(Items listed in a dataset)
···

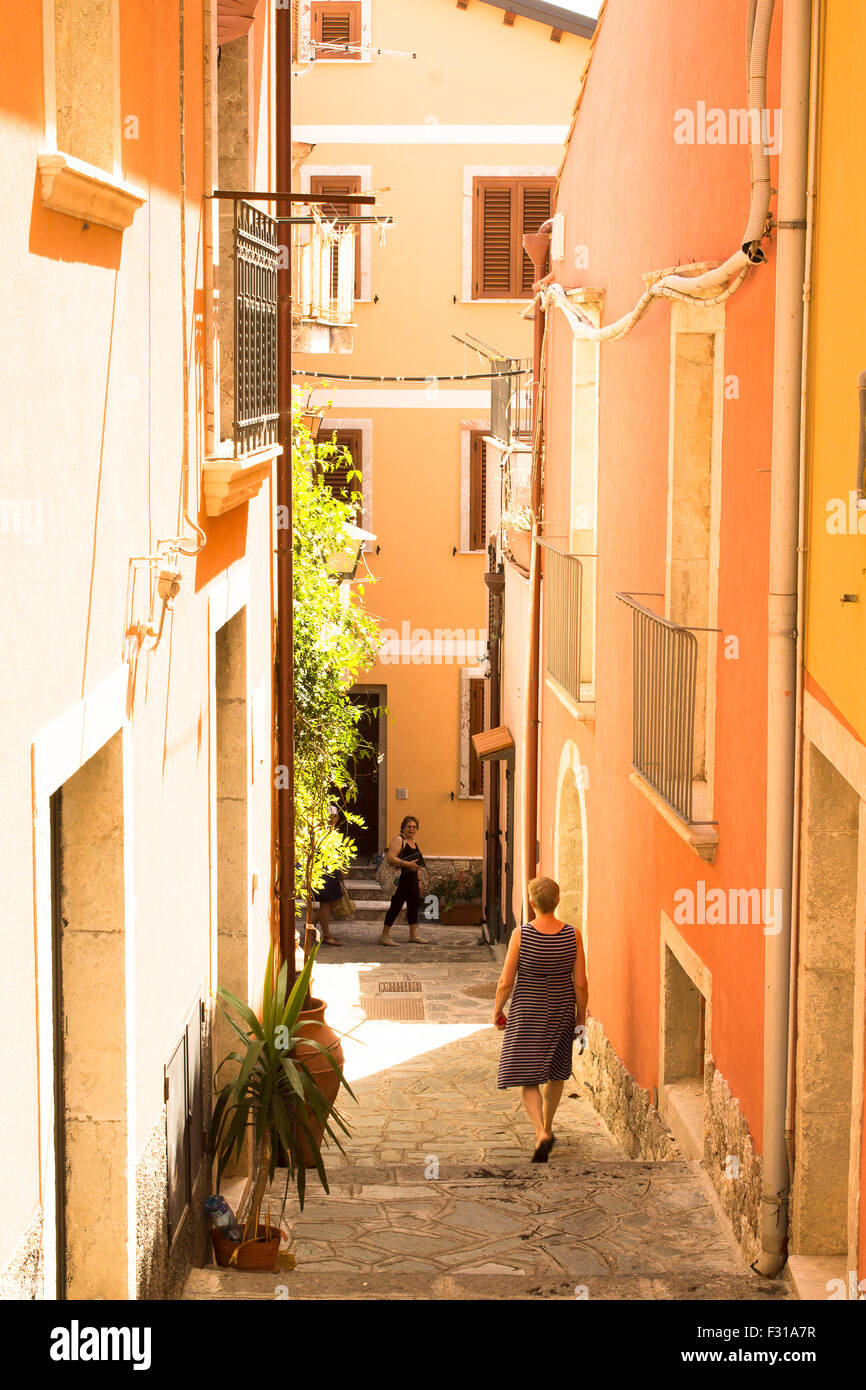 Una signora a piedi giù per la strada di Taormina, Sicilia. Foto Stock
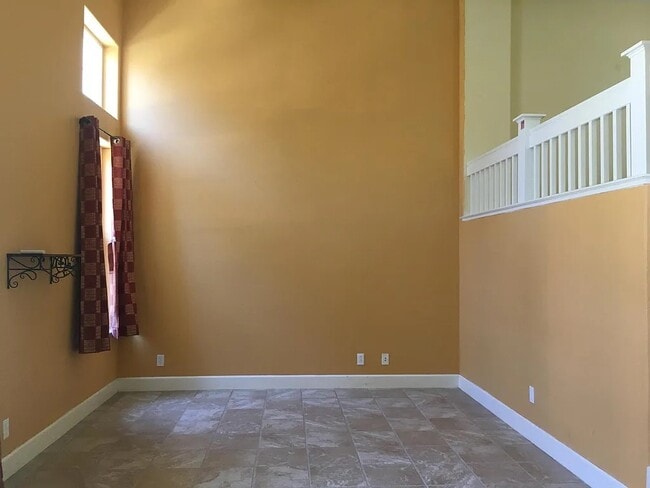 1061 Pearl Terrace in Union City, CA - Building Photo - Building Photo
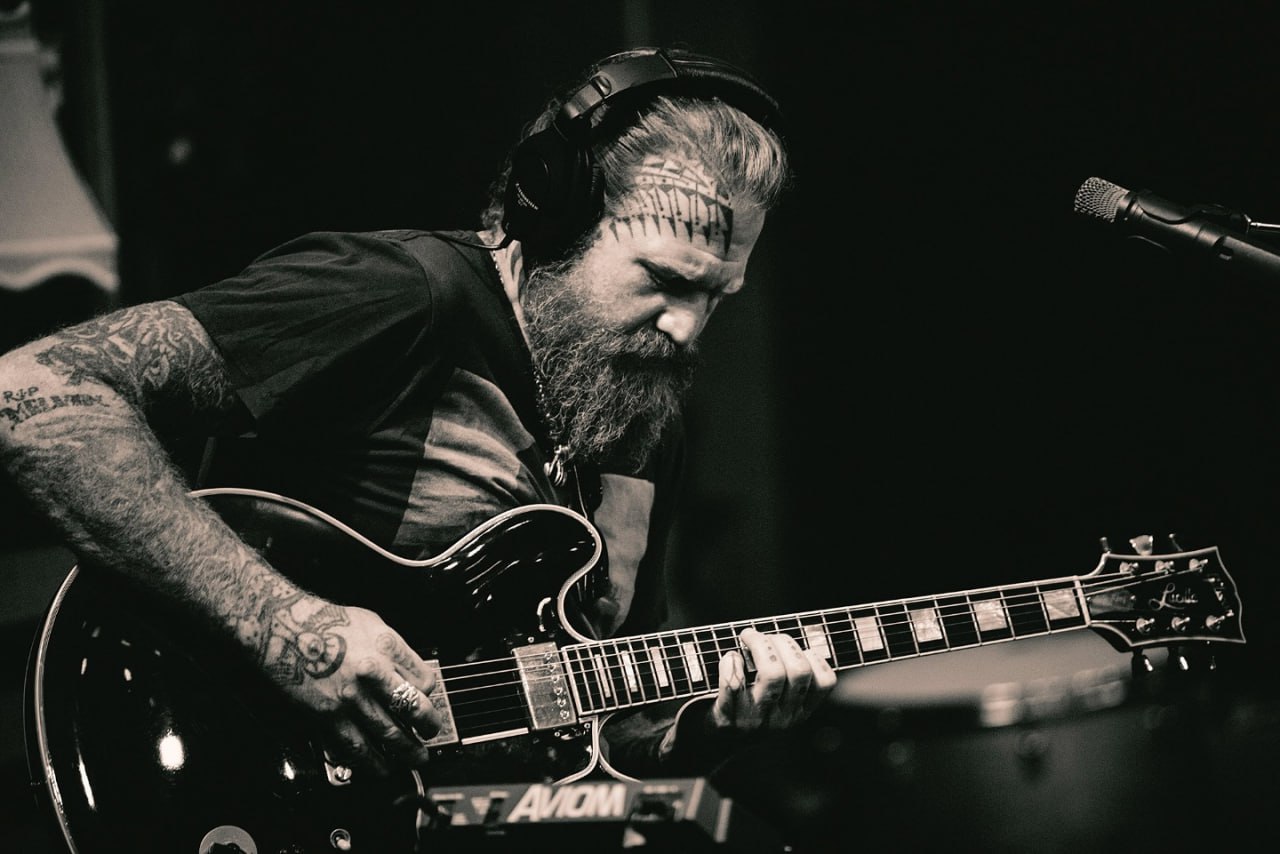 Американский гитарист один из основателей метал группы Mastodon Брэнт Хайндс разбился на мотоцикле Хайндс играл в группе с самого основания в 2000 году однако в марте он покинул музыкальный коллектив Несмотря на это о гибели гитариста стало известно из соцсетей Mastodon По данным Atlanta News First Хайндс погиб в результате ДТП когда его мотоцикл Harley Davidson столкнулся с внедорожником Подписаться на РИА Новости Все наши каналы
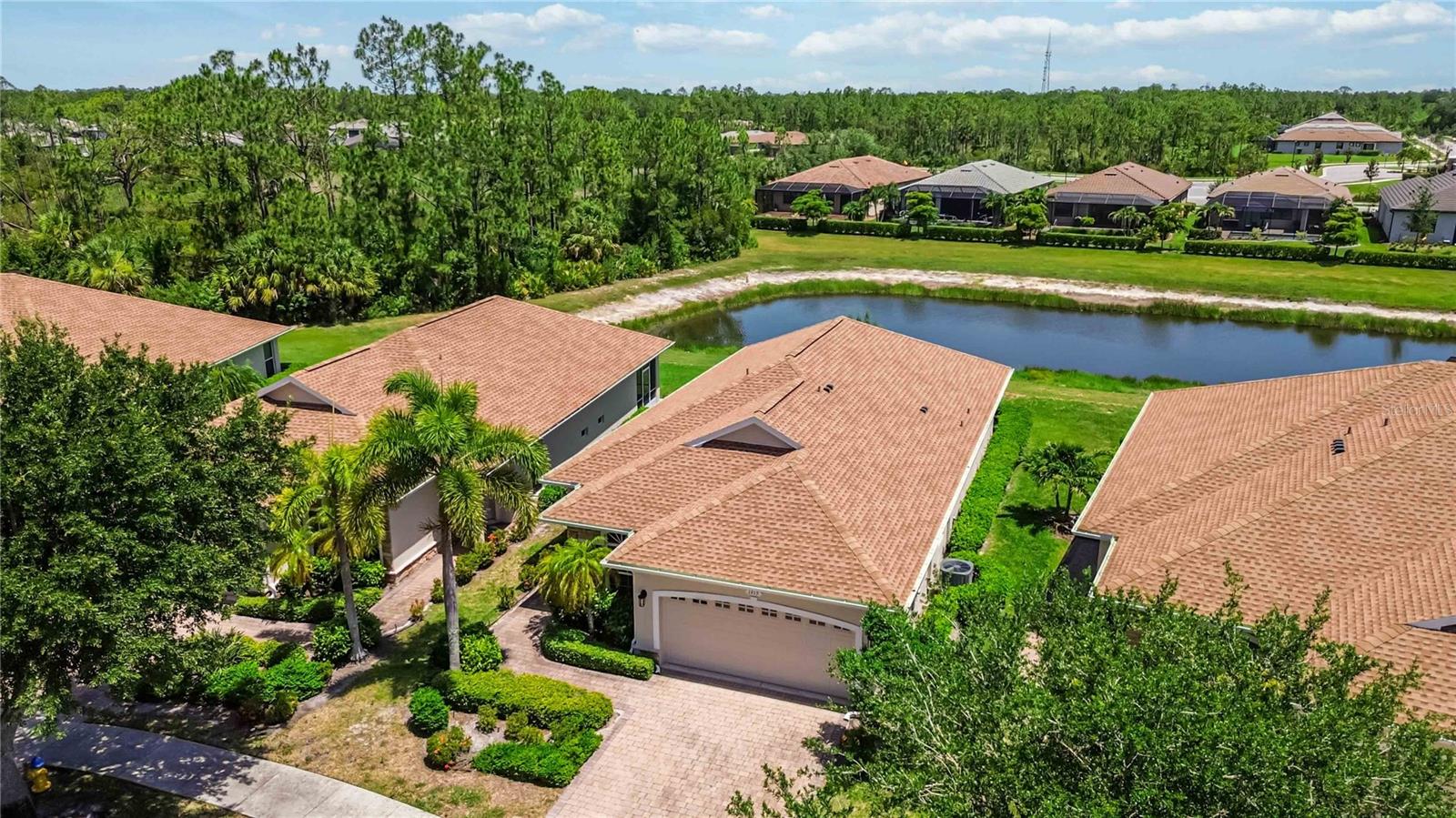 LAKESIDE PLANTATION - Residential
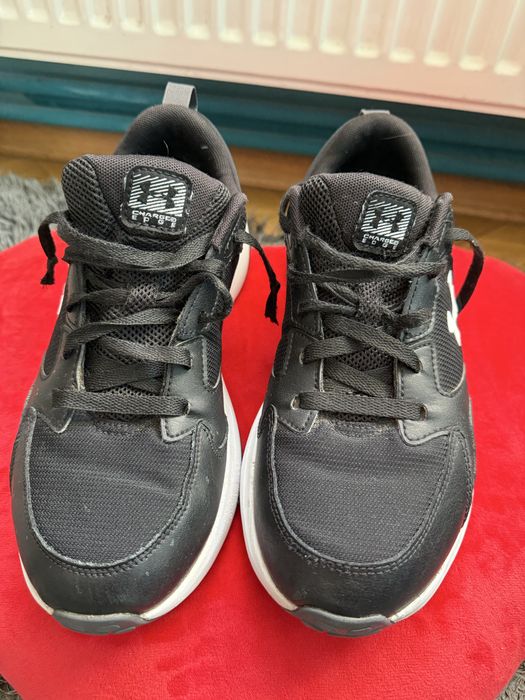 Buty sportowe Under Armour 44, stan bdb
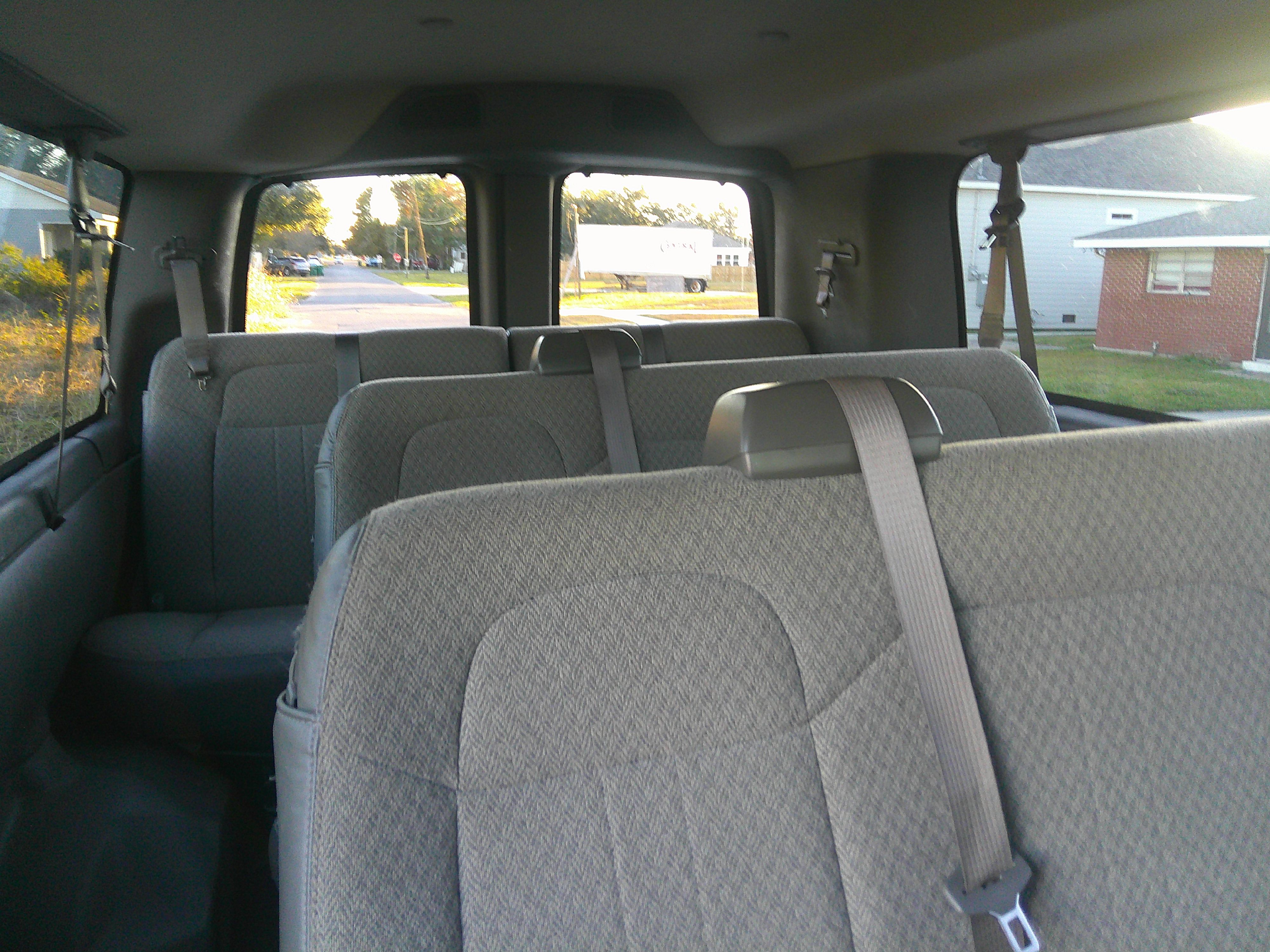 Used 2017 Chevrolet Express 3500 LT Extended Passenger RWD image 8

···

■ **HOW TO COMPLETE THIS TASK**
Where a line contains "Американский гитарист один", begin there and transcribe every line through the last one of the records above, exactly and with no pictures.

■ **RESPONSE TO THE EXERCISE**
 Американский гитарист один из основателей метал группы Mastodon Брэнт Хайндс разбился на мотоцикле Хайндс играл в группе с самого основания в 2000 году однако в марте он покинул музыкальный коллектив Несмотря на это о гибели гитариста стало известно из соцсетей Mastodon По данным Atlanta News First Хайндс погиб в результате ДТП когда его мотоцикл Harley Davidson столкнулся с внедорожником Подписаться на РИА Новости Все наши каналы
 LAKESIDE PLANTATION - Residential
 Buty sportowe Under Armour 44, stan bdb
 Used 2017 Chevrolet Express 3500 LT Extended Passenger RWD image 8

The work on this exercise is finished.